If that's not extraordinary, I don't know what is.

Everything I had read about Peter Jackson's new documentary "They Shall Not Grow Old" spoke to me except his name. It's not like I ever saw "The Lord of the Rings" or "The Hobbit" trilogies after all, so why would I know him?

Because I never like to know too much about a film before I see it, I'd only read a couple of things about the documentary. So when I sat down at Movieland, it was a pleasant surprise when instead of the film, the screen filled with Jackson's corpulent form as he began introducing his passion project. He went on to explain that he'd gotten involved with the project when Britain's Imperial War Museum had asked him to use their footage and audio tracks to make a unique film to commemorate WW I.

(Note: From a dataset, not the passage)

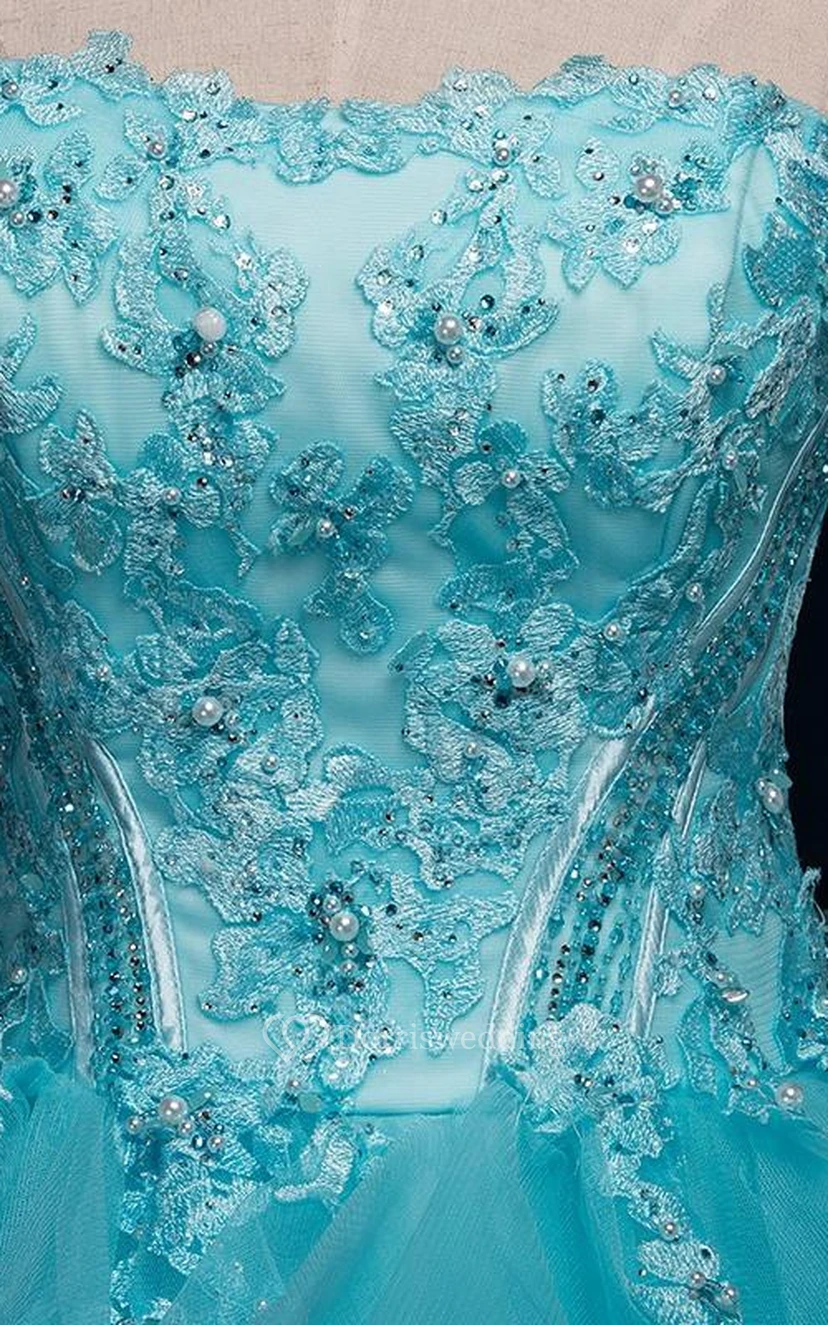 Ball Gown Long Straps Sleeveless Bell Appliques Ruffles Zipper Straps Tulle Sequins Dress view 4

Unique was the operative word here.

Not sure how he could use 100-year old footage in a new way, he eventually came up with a brazen idea. First, he'd use the existing footage, but adjust the frame rate so everyone doesn't look sped up like in old newsreels. Second, he'd colorize the film to make the figures in it more relatable. And third, there would be no talking heads, just voice-overs from actual WW I vets who had been recorded by oral historians back during the '60s and '70s.

The icing on the cake was when Jackson invited us to stay put after the credits for a half-hour documentary about how the film had been created.

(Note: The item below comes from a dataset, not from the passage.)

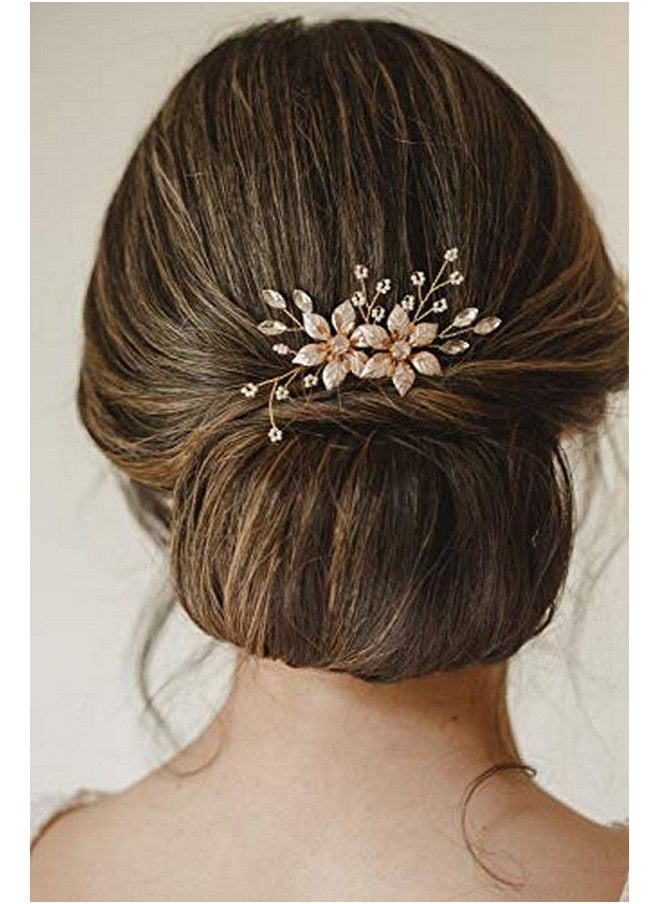 SWEETV Gold Bridal Hair Combhandmade Wedding Hair Clip Wedding Hair Accessories For Women  - Image 4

No one needed to ask this documentary dork twice to hang around.

Peter Jackson, I'm sorry I had no clue who you were. I'm not sure which idea was the most clever or well-executed, because everything you did caused the soldiers to come alive on screen, which amounted to a cinematic miracle.

Early on, he mashed up old WW I posters with moving footage of soldiers for a combination of colorful but static propaganda ("Daddy, what did you do in the Great War?") with a black and white inset of soldiers marching and drilling.

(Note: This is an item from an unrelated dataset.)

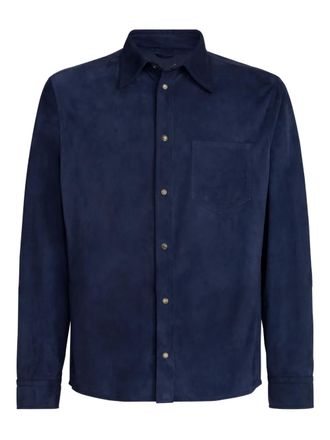 Brunello Cucinelli chest-pocket button-fastening shirt - men - Calf Suede - 4XL - Blue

The truly magical moment occurred after about ten minutes of vintage black and white film which suddenly morphed into color, like Dorothy touching down in Oz.

One thing I especially loved was the minutiae of what the former soldiers recalled about their days in the army. Almost all of them complained about the absence of strawberry jam for toast because apparently the army served apple plum jam exclusively. But having to shave daily, even when on the front lines, they accepted as just military protocol.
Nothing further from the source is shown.